(Items from a data source)
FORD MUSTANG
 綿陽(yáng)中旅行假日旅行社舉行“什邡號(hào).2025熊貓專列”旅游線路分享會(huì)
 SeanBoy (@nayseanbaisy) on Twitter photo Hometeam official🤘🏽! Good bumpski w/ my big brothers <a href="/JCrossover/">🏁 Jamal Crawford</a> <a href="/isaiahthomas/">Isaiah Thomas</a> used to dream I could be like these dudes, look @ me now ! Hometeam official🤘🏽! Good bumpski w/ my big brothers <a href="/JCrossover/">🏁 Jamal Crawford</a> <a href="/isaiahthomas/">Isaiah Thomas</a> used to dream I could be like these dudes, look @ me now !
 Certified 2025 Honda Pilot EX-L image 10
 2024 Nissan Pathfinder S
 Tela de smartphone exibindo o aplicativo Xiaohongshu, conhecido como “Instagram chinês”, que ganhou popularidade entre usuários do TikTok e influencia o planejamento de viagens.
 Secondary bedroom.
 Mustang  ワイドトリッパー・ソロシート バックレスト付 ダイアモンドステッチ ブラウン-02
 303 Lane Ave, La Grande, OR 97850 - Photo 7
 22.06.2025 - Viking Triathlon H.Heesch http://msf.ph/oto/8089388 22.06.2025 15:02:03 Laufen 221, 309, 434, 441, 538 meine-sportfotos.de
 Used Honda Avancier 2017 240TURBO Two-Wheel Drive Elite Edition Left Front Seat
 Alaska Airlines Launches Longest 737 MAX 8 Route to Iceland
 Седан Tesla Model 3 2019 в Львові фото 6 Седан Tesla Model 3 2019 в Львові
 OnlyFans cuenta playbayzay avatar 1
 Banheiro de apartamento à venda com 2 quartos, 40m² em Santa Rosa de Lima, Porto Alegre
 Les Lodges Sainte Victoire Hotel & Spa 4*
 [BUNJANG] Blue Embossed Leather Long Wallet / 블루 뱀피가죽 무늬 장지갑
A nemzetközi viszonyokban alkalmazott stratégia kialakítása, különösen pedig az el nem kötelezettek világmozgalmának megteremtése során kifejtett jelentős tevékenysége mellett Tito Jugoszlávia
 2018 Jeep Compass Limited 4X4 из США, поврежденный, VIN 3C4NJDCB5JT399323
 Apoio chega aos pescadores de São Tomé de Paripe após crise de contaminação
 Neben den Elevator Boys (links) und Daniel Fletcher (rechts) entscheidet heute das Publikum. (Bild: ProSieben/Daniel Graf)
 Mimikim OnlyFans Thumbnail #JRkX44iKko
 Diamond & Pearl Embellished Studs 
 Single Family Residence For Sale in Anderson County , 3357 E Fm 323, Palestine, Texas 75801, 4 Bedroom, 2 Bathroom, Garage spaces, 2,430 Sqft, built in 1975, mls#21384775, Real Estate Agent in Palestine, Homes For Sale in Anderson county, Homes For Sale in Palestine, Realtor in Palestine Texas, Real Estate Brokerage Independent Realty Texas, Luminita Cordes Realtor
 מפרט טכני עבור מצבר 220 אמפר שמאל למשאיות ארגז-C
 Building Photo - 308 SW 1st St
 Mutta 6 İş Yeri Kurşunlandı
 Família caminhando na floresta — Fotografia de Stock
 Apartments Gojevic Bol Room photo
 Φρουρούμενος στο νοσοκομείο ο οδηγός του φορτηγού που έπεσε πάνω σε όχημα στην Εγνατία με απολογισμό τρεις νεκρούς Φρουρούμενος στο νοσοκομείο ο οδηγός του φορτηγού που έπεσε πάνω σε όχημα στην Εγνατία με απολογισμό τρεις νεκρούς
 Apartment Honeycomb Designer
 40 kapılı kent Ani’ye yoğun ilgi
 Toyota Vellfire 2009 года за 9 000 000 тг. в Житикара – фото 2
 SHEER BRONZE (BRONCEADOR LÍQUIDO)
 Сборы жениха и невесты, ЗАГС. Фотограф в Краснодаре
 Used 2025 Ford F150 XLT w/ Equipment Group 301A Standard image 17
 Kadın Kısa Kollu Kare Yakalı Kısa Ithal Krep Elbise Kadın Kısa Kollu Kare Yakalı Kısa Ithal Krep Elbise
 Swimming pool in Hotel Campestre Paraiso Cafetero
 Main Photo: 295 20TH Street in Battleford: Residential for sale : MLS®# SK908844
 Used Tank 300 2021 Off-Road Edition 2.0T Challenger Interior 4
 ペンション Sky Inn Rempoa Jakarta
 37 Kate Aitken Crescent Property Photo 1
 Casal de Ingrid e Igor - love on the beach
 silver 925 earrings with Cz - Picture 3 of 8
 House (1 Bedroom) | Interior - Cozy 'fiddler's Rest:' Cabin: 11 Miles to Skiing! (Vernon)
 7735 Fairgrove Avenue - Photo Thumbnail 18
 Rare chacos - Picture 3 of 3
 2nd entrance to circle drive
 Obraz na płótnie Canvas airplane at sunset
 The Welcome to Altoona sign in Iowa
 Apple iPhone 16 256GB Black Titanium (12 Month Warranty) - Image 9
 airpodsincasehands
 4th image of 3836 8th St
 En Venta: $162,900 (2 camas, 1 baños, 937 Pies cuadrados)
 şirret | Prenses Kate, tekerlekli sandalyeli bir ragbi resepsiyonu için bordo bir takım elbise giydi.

▶ **Your task**
Look through the entries above and find each line where the word "Edition" occurs; copy those lines.

▶ **Problem solution**
 Used Honda Avancier 2017 240TURBO Two-Wheel Drive Elite Edition Left Front Seat
 Used Tank 300 2021 Off-Road Edition 2.0T Challenger Interior 4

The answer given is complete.